Upon varying a parameter \(x_j\) for a variable \(V_i\), the other parameters of the same conditional distribution over \(V_i\) are co-varied to let the distribution sum to 1. In the most commonly used co-variation scheme, these parameters are varied proportionally with \(x_j\). Since other schemes may also be appropriate [8], we will formulate our results in the sequel without assuming any specific scheme of co-variation.

3 The n-way Sensitivity Function of an MDC

Establishing a higher-order sensitivity function for a Bayesian network in general is computationally expensive, as the number of additive terms involved, and hence the number of constants to be computed, can be exponential in the number of parameters being varied.
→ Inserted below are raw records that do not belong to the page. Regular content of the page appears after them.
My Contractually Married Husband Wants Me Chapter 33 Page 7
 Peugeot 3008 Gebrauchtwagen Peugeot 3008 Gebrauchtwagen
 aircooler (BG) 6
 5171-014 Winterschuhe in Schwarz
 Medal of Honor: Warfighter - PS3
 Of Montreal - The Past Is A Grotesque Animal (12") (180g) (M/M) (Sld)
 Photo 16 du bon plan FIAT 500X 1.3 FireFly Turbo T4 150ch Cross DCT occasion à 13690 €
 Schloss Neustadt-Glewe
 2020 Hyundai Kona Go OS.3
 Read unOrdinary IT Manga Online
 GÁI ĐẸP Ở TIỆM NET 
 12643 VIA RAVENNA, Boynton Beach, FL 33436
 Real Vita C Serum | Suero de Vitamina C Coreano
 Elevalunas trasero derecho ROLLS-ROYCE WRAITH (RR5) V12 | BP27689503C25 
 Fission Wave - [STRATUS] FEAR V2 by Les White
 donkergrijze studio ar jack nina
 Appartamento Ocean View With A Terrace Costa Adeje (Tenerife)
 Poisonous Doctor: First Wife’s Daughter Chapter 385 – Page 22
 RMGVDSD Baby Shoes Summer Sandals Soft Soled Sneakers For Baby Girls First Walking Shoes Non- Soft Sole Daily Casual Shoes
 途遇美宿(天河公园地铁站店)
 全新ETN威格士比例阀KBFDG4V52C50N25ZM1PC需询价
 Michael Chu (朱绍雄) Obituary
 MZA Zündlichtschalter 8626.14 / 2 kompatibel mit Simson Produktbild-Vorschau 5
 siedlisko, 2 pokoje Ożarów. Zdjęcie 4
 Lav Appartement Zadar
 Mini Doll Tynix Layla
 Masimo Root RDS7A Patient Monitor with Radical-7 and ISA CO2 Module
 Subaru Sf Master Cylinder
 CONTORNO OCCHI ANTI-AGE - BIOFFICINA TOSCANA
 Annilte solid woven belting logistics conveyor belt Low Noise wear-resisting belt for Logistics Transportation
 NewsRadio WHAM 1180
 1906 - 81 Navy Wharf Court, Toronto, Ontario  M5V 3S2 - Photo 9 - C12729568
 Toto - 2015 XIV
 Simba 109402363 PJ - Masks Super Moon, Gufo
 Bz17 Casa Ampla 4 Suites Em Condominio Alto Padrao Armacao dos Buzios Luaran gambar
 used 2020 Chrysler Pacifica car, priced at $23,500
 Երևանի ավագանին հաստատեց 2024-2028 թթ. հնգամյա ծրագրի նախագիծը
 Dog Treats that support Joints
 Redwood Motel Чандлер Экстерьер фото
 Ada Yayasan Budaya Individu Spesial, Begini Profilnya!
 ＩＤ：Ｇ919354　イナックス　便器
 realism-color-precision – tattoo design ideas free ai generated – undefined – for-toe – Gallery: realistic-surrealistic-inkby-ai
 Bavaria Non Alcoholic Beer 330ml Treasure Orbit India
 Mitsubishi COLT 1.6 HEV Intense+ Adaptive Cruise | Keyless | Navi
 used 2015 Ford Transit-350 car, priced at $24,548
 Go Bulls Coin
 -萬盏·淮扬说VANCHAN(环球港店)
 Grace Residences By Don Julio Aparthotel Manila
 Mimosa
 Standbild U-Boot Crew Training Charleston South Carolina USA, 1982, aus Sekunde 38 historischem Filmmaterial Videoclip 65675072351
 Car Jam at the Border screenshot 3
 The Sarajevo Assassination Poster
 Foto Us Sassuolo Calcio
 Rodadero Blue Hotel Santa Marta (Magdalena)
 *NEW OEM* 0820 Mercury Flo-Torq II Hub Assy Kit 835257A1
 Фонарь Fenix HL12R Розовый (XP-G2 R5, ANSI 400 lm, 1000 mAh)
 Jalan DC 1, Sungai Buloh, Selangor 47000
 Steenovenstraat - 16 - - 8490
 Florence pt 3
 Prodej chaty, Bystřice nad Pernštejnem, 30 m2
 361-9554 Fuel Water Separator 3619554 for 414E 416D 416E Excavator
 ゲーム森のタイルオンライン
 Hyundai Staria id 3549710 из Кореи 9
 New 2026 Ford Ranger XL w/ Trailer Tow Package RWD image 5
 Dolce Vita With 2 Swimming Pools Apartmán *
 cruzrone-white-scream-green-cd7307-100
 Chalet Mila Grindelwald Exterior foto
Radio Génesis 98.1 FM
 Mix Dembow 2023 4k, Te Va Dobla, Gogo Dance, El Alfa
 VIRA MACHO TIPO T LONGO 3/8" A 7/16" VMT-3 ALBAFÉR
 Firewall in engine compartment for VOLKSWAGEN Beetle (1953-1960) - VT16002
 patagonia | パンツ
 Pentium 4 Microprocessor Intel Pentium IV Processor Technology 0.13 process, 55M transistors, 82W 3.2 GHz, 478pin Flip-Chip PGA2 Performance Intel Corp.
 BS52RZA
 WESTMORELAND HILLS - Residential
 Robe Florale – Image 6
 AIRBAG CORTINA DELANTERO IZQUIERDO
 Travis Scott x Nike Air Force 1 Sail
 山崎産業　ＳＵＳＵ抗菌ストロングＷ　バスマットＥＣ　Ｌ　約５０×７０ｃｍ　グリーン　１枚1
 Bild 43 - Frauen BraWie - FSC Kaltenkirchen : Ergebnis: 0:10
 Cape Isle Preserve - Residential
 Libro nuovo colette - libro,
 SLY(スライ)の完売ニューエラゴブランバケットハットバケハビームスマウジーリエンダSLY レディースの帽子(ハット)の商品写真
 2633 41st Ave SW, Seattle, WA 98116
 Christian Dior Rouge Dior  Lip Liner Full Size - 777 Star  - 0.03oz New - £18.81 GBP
In this section, we show that, due to its restricted topological structure and dedicated use, a multi-dimensional classifier allows more ready calculation of the n-way sensitivity functions for its output probabilities. We show more specifically, that an output probability \(\Pr (\mathbf{c} \!\mid \!\mathbf{f})\) for a given \(\mathbf{c}\) can be expressed in terms of the original output probability and the original and new values of all parameters compatible with the instance \(\mathbf{f}\). The form of the sensitivity function is given in the proposition below; the proofs of all propositions in this paper are provided in the appendix.

Proposition 1

Let \( MDC (\mathbf{C},\mathbf{F})\) be a multi-dimensional classifier as defined above. Let \(\mathbf{f}\) be an instance of \(\,\mathbf{F}\), and let \(\mathbf{x} = \{x_1,\ldots ,x_n\}\), \(n\ge 1\), be the set of network parameters compatible with \(\mathbf{f}\). Then, for all \(\mathbf{c}\in \mathbf{C}\),

$$\Pr (\mathbf{c}\mid \mathbf{f})(\mathbf{x}) = \frac{\Pr ^o(\mathbf{c}\mid \mathbf{f})\cdot \prod \limits _{x_i\sim \mathbf{c},x_j\not \sim \mathbf{c}}x_i\cdot x^o_j}{\sum \limits _{\mathbf{c}^*\in \mathbf{C}} \left( \Pr ^o(\mathbf{c}^*\mid \mathbf{f})\cdot \prod \limits _{x_i\sim \mathbf{c}^*,x_j\not \sim \mathbf{c}^*}x_i\cdot x^o_j \right) } $$

The sensitivity function \(\Pr (\mathbf{c}\! \mid \!\mathbf{f})(\mathbf{x})\) stated above includes all parameters of the feature variables which are compatible with the instance \(\mathbf{f}\) to be classified. The parameters \(\Pr (f^{\prime }_i\mid \!\pi _{F_i})\) of a feature variable \(F_i\) with \(f^{\prime }_i\) incompatible with \(\mathbf{f}\) do not occur in the function since these parameters are not involved directly in the computation of the output probability: upon variation of such a parameter, the output probability is affected only indirectly by the co-variation of \(\Pr (f_i\mid \! \pi _{F_i})\) with \(f_i \sim \mathbf{f}\). Without loss of generality, we thus include just the parameters compatible with \(\mathbf{f}\), which implies that the proposition holds for any co-variation scheme used for the parameters of the feature variables. Also all parameters \(\Pr ({c_i})\) of a class variable \(C_i\) are included in the sensitivity function. These parameters cannot be varied freely however, as their sum should remain 1. By assuming a specific co-variation scheme, we could have included the dependent parameters implicitly, as with the feature parameters. By their explicit inclusion, however, the function is independent of the co-variation scheme used for the class parameters and can be further tailored to a specific scheme upon practical application.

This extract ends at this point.